Bundan dolayı, küreselleşme ile birlikte zaman ve mekân sınırının ortadan kalktığı ve rekabet yarışının iyice hız kazandığı günümüz koşullarında, geribildirimin alıcıyı çok fazla boğmaması, alıcının bir kerede, geri besleme yükünü alma kapasitesini anlaması ve hızlı olması gerekmektedir. Ayrıca kurumlar, geribildirim alsalar dahi faaliyet gösterdikleri sistem içinde ekonomik, teknolojik, demografik, sosyal ve politik faktörlerden kaynaklanan sürekli değişen dış baskılar, kurumların iç sistemleri ve kontrol sistemleri üzerinde etkili olarak öngörülemeyen durumlara sebebiyet vermektedir. Bu öngörülemeyen durumlar ise kurumların faaliyetlerini etkileyebilmektedir. Bu sebeplere çözüm olarak, ileribildirim kavramını halkla ilişkiler veya kurumsal iletişim literatürüne kazandırarak, günümüz koşullarında değişen paradigmaya, kurumların uyum sağlayarak iletişim süreçlerinde etkili ve başarılı olmaları amaçlanmıştır.

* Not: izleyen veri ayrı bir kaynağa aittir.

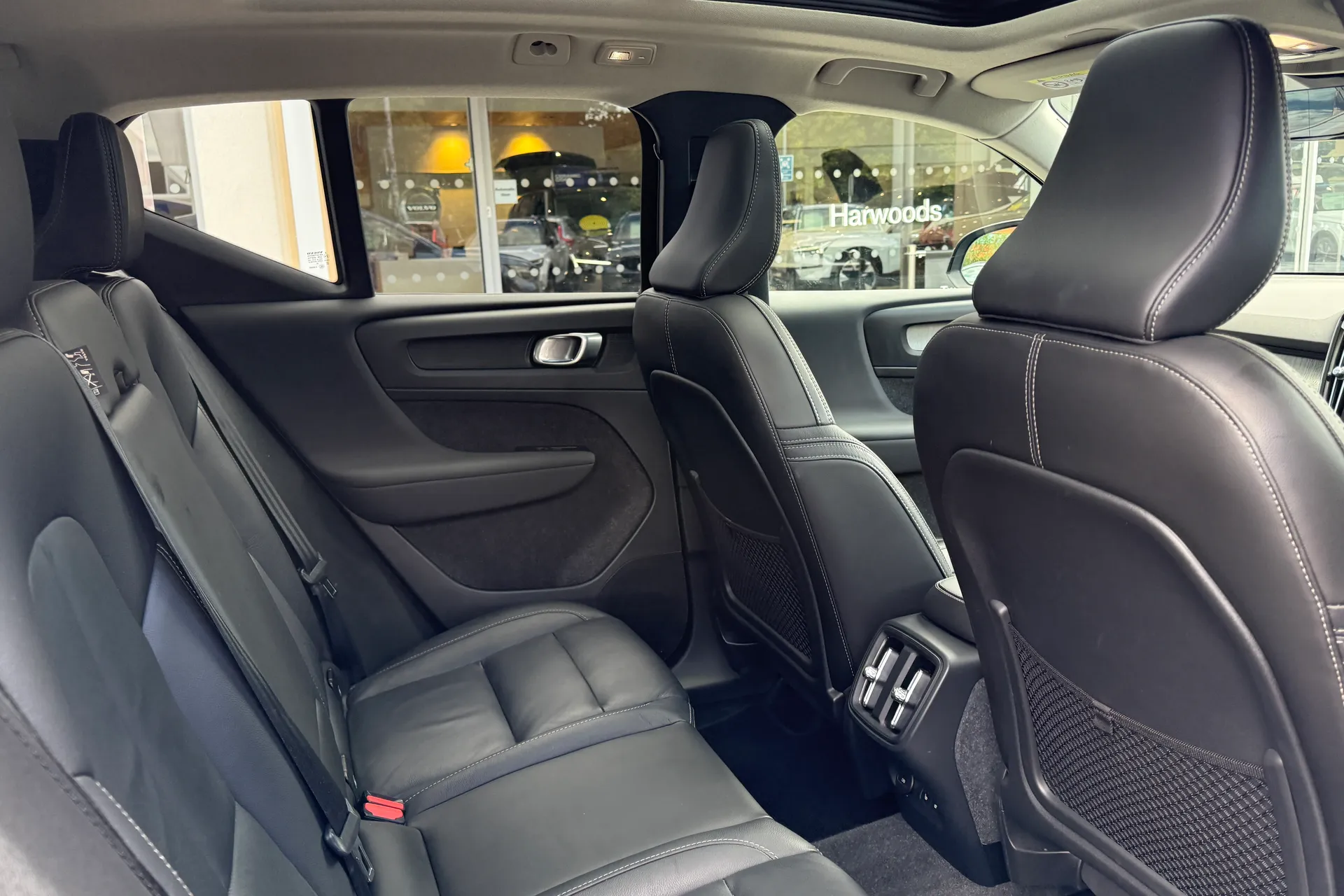 Volvo XC40 thumbnail image number 23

“Patronunuzu Nasıl İkna Edersiniz? Çalışan-Yönetici İletişiminde İkna ve İzlenim Yönetimi” isimli kitabınızdan bize bahsedebilir misiniz?

Bu kitap, çalışanların iş yaşamında her gün karşılaştıkları en sık rastlanan güçlükleri ikna tekniklerini kullanarak nasıl aşabileceklerini ve çözebileceklerini göstermektedir. Profesyonel yaşamda çalışanların pasif olmaktan öte aktif katılımcılar olarak kendi iş çevrelerini etkilemeye yönelik etkin çabaları kurumsal davranış disiplininin önemli ilgi ve çalışma alanlarından birisidir. Kişilerarası etki tüm formlarıyla kurumsal yaşam dinamiği içinde sıklıkla kullanılmaktadır.
 
Bu dinamik yaşamda ikna konusu genel olarak, yönetici-yönetici, yönetici-çalışan ve müşteri ilişkileri çerçevesinde literatürde incelenmiştir. Ben ise, bu çalışmamda, çalışan-yönetici başka bir deyişle; aşağıdan yukarıya doğru iletişimde ikna teknikleri ve izlenim yönetimi sürecini inceledim. Kurumsal yaşamda etkili ve başarılı olmanın öğelerinden olarak algılanan ikna ve izlenim yönetimi taktiklerinin aşağıdan yukarıya doğru iletişimdeki önemini göstermeyi amaçlayan bu çalışmamda her iki konu ayrıntılı olarak incelenmiş ve bu konulara dair alanında kabul görmüş çoğu teknik çalışmada bir bütün haline getirilmiştir.
 
Günümüzde iletişimin ve medya sektörünün geldiği konum hakkında düşünceleriniz nelerdir?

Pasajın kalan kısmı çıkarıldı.